[Start of Attachment]
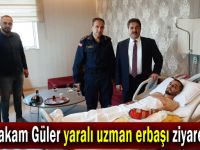 Kaymakam Güler yaralı uzman erbaşı ziyaret etti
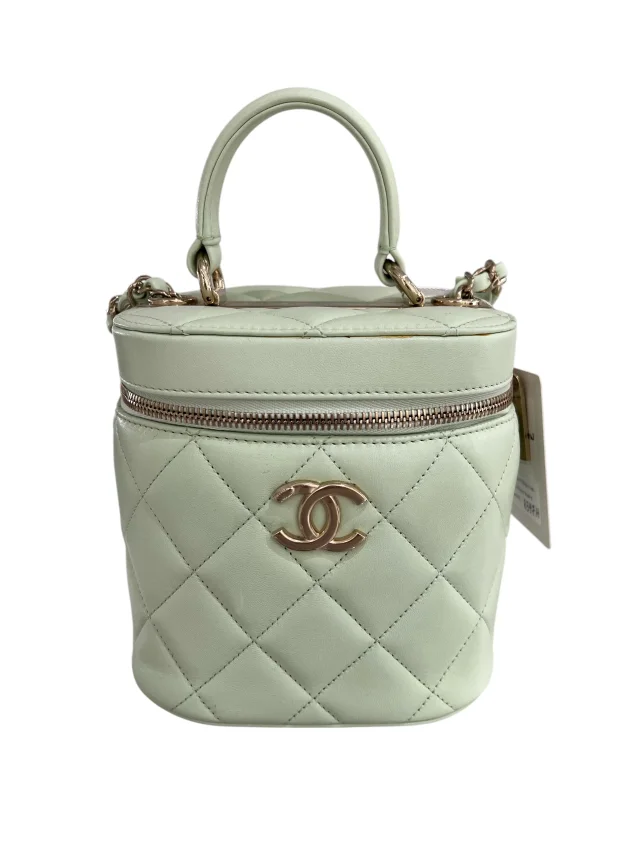 Chanel Trendy Vertical Top Handle Vanity Mint Lambskin LGHW - Full set / Like new in Lambskin from Luxury Promise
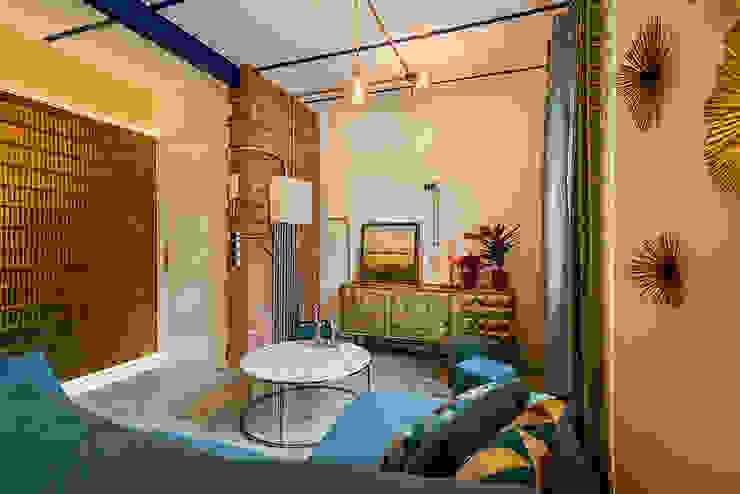 OOIIO Arquitectura Ruang Keluarga Gaya Eklektik Batu Bata Multicolored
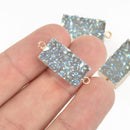 2 Blue AB Faux Druzy Bar Charms, Rectangle Resin with Gold Connector Link Bezel, 27x10mm chs4865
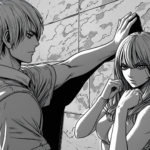 manga style kabedon hand on the wall pose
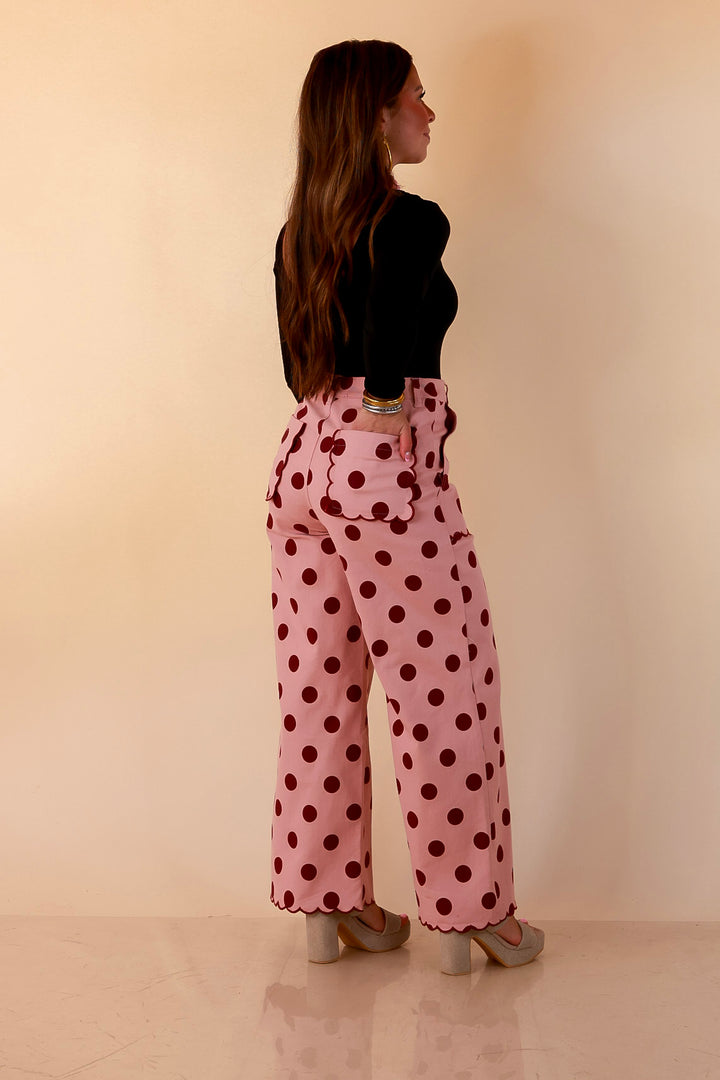 Polished Play Polka Dot Print Wide Leg Denim Pants with Scallop Detailing in Blush Pink and Maroon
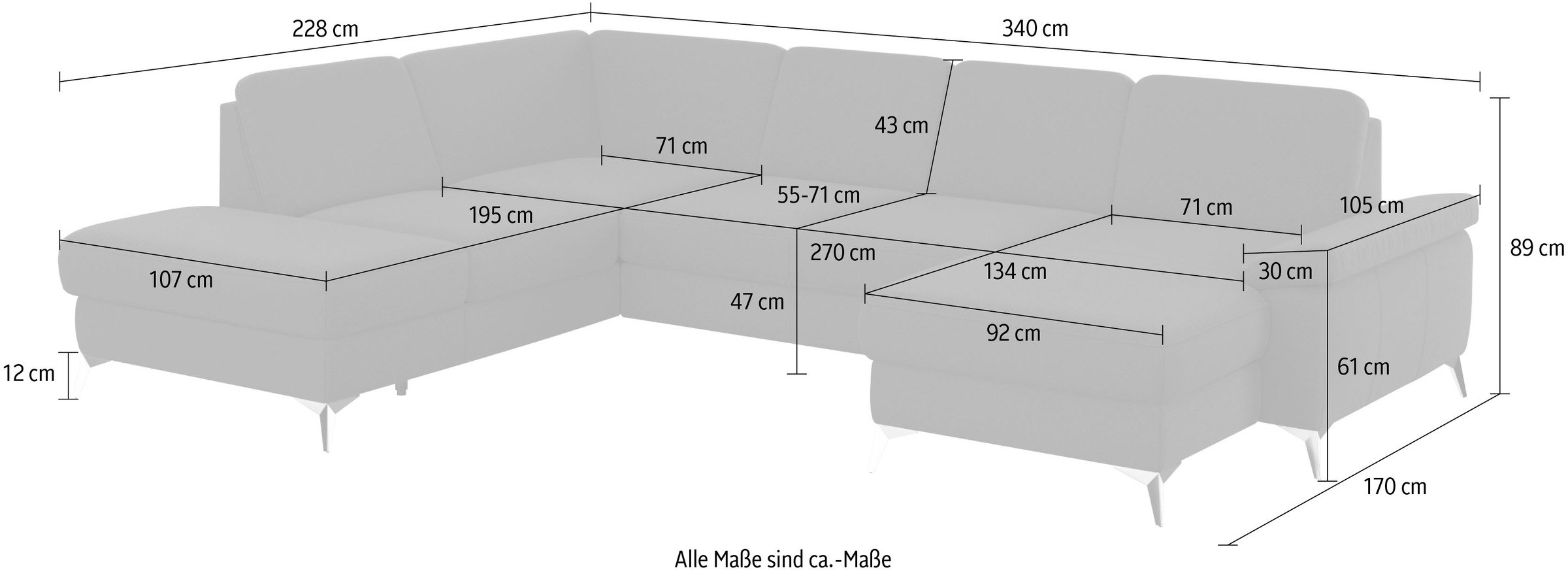 sit&more Wohnlandschaft »Padua U-Form«, inklusive Sitztiefenverstellung, Armteilfunktion und Federkern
[End of Attachment]
■ EXERCISE BRIEF:
Pictures are to be left out when the lines from the one containing "2 Blue AB Faux" through the end of the records above are repeated exactly; no other line is wanted.

■ TASK RESPONSE:
 2 Blue AB Faux Druzy Bar Charms, Rectangle Resin with Gold Connector Link Bezel, 27x10mm chs4865
 manga style kabedon hand on the wall pose
 Polished Play Polka Dot Print Wide Leg Denim Pants with Scallop Detailing in Blush Pink and Maroon
 sit&more Wohnlandschaft »Padua U-Form«, inklusive Sitztiefenverstellung, Armteilfunktion und Federkern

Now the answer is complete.